WHAT IS EXPECTED
This exercise asks for every line of the material that contains the word "Black".

MATERIAL FOR THIS EXERCISE
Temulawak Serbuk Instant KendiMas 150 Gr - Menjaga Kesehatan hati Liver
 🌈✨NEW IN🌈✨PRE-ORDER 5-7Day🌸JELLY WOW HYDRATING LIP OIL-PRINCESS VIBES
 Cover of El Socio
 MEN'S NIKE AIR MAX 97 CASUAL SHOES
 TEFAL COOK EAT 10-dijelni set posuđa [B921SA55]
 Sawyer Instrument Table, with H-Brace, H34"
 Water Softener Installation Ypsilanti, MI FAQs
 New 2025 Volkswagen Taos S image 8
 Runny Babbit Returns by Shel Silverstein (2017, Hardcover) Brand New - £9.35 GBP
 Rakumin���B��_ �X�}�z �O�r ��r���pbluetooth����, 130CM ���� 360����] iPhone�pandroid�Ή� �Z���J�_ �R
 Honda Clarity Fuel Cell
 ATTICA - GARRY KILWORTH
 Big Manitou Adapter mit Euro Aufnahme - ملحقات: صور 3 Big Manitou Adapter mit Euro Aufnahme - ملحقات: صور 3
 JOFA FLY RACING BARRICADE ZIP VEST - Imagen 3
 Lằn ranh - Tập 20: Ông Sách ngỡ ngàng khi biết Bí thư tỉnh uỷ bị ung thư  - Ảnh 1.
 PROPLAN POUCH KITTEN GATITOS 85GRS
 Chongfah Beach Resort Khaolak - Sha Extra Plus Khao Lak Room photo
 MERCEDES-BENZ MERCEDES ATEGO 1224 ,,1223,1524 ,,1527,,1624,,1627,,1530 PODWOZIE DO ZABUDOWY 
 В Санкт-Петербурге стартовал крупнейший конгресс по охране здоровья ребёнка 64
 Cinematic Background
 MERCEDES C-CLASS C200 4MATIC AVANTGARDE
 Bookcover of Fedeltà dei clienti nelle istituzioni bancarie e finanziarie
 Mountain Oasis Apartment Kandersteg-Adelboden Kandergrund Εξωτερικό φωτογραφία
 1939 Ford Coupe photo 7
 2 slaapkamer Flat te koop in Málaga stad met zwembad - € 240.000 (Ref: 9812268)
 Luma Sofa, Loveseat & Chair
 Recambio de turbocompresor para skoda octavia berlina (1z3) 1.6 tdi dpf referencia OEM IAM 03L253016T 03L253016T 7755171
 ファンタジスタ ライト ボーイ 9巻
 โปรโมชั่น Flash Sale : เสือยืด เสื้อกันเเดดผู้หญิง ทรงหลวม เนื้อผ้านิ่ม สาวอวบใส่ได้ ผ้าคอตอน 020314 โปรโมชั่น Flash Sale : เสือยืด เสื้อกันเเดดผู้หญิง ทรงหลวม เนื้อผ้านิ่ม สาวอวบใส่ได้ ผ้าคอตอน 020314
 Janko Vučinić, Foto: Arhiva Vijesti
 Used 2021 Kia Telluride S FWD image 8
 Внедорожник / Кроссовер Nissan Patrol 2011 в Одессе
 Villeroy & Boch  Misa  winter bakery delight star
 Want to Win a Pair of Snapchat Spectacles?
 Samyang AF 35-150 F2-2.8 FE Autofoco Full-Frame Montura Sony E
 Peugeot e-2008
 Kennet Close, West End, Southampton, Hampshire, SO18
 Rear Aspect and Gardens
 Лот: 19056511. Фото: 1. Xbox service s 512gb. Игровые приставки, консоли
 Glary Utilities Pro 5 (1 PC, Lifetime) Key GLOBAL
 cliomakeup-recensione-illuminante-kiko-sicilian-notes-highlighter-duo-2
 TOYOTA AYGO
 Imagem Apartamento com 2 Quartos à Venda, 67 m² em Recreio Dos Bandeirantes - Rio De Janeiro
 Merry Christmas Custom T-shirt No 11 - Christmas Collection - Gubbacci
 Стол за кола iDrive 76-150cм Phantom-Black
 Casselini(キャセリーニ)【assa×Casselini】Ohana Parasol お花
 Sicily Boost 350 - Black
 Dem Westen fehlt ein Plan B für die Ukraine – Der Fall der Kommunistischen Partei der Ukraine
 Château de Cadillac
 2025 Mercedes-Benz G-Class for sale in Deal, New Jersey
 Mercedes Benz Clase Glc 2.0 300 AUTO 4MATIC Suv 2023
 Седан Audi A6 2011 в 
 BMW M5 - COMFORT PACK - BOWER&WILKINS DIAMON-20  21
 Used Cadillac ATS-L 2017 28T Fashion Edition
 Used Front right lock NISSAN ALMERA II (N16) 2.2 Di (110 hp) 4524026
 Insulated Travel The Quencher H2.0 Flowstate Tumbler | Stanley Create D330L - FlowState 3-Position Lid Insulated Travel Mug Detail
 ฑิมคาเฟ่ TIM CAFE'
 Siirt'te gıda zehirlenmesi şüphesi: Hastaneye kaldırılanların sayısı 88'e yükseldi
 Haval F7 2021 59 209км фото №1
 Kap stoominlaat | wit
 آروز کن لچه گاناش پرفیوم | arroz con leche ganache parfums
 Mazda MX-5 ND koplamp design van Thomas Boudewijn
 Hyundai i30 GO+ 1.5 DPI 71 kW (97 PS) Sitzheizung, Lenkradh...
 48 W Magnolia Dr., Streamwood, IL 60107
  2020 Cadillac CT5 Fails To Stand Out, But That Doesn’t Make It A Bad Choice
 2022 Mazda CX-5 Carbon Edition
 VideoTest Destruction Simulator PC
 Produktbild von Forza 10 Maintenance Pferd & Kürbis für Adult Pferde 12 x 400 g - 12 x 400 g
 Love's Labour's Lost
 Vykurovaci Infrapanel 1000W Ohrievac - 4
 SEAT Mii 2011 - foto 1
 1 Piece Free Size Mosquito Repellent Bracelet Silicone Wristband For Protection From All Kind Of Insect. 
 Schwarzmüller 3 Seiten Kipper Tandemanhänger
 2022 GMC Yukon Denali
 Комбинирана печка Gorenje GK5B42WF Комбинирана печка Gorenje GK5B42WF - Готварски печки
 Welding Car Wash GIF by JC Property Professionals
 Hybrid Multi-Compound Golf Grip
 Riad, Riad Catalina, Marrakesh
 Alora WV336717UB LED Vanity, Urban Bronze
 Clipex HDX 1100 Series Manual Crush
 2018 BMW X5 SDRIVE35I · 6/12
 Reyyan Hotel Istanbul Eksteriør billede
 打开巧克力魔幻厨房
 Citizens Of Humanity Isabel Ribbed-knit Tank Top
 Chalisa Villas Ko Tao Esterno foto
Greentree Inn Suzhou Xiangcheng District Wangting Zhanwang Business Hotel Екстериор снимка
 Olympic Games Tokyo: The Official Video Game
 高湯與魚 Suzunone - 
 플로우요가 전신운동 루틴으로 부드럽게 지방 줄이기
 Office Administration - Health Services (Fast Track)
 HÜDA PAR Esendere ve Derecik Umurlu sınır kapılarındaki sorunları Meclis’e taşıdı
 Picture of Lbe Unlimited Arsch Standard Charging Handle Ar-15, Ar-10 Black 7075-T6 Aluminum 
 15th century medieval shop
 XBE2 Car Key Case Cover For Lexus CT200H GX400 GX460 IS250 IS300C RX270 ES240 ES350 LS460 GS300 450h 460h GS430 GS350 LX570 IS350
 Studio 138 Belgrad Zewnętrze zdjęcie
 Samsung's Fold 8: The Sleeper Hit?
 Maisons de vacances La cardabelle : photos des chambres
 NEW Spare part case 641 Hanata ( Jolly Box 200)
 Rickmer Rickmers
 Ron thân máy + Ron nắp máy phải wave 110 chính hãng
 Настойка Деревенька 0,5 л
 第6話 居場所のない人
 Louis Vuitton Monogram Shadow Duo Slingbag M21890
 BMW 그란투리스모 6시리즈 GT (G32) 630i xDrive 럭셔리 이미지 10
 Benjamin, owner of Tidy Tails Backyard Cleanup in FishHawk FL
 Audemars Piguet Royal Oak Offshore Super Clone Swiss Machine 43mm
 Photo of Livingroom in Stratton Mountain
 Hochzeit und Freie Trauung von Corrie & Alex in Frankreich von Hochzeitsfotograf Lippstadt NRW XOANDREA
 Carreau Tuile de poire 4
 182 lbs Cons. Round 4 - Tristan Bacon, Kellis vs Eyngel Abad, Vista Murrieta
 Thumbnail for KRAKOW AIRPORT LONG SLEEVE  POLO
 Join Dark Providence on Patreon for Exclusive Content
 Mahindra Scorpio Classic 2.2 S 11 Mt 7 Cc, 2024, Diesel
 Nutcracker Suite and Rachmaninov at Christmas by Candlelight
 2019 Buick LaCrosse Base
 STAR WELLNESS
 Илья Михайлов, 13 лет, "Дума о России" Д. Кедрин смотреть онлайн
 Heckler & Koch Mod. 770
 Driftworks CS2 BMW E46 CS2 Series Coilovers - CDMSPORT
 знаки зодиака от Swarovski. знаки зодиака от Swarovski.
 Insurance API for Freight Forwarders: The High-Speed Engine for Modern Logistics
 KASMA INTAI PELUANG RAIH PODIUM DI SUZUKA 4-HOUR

RESULT OF THE EXERCISE
 Стол за кола iDrive 76-150cм Phantom-Black
 Sicily Boost 350 - Black
 Picture of Lbe Unlimited Arsch Standard Charging Handle Ar-15, Ar-10 Black 7075-T6 Aluminum 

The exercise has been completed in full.